1) I live in an apartment and therefore do not have a garden to dump bokashi when its finished. But I do have a patio. I was thinking of getting a large container and filling it with some dirt and burying the bokashi in there. Will this work do I need to do something special? Will I have to set it up like a traditional compost and mix green items with browns or can I just mix dirt with the bokashi? Will there be any unwanted side effects, i.e. smell?
2) How much does temperature play a role in the whole process? It is kind of cold right now, mid 40′s to low 50′s(fahrenheit), and I don’t have the heat in my apartment on very often.
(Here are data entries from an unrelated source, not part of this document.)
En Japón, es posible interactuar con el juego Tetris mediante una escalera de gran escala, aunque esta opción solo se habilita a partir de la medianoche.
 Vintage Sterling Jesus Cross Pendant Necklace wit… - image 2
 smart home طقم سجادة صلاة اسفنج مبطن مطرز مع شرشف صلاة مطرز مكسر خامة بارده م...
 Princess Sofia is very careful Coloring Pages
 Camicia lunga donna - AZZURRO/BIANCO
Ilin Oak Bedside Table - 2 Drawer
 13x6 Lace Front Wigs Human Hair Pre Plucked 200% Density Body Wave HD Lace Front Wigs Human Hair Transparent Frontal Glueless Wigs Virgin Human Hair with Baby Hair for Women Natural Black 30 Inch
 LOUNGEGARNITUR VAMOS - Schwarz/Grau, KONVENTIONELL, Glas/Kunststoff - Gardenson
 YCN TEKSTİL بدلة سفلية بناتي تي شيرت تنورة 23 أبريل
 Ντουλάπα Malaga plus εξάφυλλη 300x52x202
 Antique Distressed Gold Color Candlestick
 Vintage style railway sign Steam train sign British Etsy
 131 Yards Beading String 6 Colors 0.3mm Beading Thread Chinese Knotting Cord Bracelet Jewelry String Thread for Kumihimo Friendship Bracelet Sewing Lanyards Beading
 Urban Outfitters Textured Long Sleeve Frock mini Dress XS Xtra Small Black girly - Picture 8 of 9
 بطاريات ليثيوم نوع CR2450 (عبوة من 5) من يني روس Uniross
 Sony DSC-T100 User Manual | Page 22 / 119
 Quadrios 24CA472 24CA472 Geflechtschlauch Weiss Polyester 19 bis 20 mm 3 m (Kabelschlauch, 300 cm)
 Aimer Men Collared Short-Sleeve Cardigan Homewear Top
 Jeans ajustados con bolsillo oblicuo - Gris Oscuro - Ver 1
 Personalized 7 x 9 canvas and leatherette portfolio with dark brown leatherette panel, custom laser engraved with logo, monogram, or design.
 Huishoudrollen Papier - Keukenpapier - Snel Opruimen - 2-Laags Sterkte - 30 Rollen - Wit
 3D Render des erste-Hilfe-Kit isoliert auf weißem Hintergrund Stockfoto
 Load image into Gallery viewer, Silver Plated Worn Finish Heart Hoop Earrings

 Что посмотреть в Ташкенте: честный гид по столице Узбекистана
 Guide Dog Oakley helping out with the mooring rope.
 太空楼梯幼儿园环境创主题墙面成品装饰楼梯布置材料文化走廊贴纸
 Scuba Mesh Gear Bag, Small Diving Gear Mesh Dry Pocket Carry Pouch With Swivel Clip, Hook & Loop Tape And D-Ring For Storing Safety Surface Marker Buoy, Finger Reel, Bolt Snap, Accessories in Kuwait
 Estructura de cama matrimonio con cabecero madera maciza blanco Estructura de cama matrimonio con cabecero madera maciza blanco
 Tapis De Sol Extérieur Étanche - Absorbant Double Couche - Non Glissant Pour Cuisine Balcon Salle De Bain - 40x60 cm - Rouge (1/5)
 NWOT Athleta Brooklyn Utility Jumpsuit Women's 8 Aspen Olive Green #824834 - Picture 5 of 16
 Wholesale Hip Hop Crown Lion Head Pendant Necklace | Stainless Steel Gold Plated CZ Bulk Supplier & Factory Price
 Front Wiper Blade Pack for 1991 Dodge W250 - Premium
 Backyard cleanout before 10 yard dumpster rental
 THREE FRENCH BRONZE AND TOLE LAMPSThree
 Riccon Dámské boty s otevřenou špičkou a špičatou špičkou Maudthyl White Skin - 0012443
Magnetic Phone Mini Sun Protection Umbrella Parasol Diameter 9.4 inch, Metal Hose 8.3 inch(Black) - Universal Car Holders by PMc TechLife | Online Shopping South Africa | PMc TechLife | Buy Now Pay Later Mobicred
Will this be a problem?
3) What can’t I put in Bokashi? I see lists of what can be put in but no list of what should be avoided. Does this mean anything could be put in? What about expired condiments or jellies, things of that sort?
4) Are there any good books or articles about bokashi somewhere? I’ve only been able to find personal blogs or marketing articles by retailers of bokashi.

Thank you for your help. I’m really hoping to try bokashi soon.

neal February 15, 2007 at 9:09 pm

Chris,

Thanks for commenting. I’ll try to answer your questions as best I can.
1)Container gardening is a great use for bokashi–there are some special procedures to follow, but nothing too crazy. Basically you need to layer the bokashi in with the soil for the containers. I have a diagram which explains it in straight forward terms. I have not used Bokashi in containers, but as far as I know there isn’t any odor beyond the usual bokashi, slightly fermented cider vingar smell.

2)Cooler temperatures do not affect the Bokashi process–unless it gets down to freezing. In fact anything above 70 degrees and you need to take extra precautions not to accelerate the rotting of the kitchen waste mixed with the bokashi bran, before the Bokashi has a chance to work.

3)The great thing about Bokashi Composting is you can put ANYTHING in it. Now granted, you do not want to add an overt amount of liquids, and paper is a waste. But jellies, condiments, MEAT!!!, dairy, and all food scraps and vegetable waste. Bones aren’t such a good thing but they do break down.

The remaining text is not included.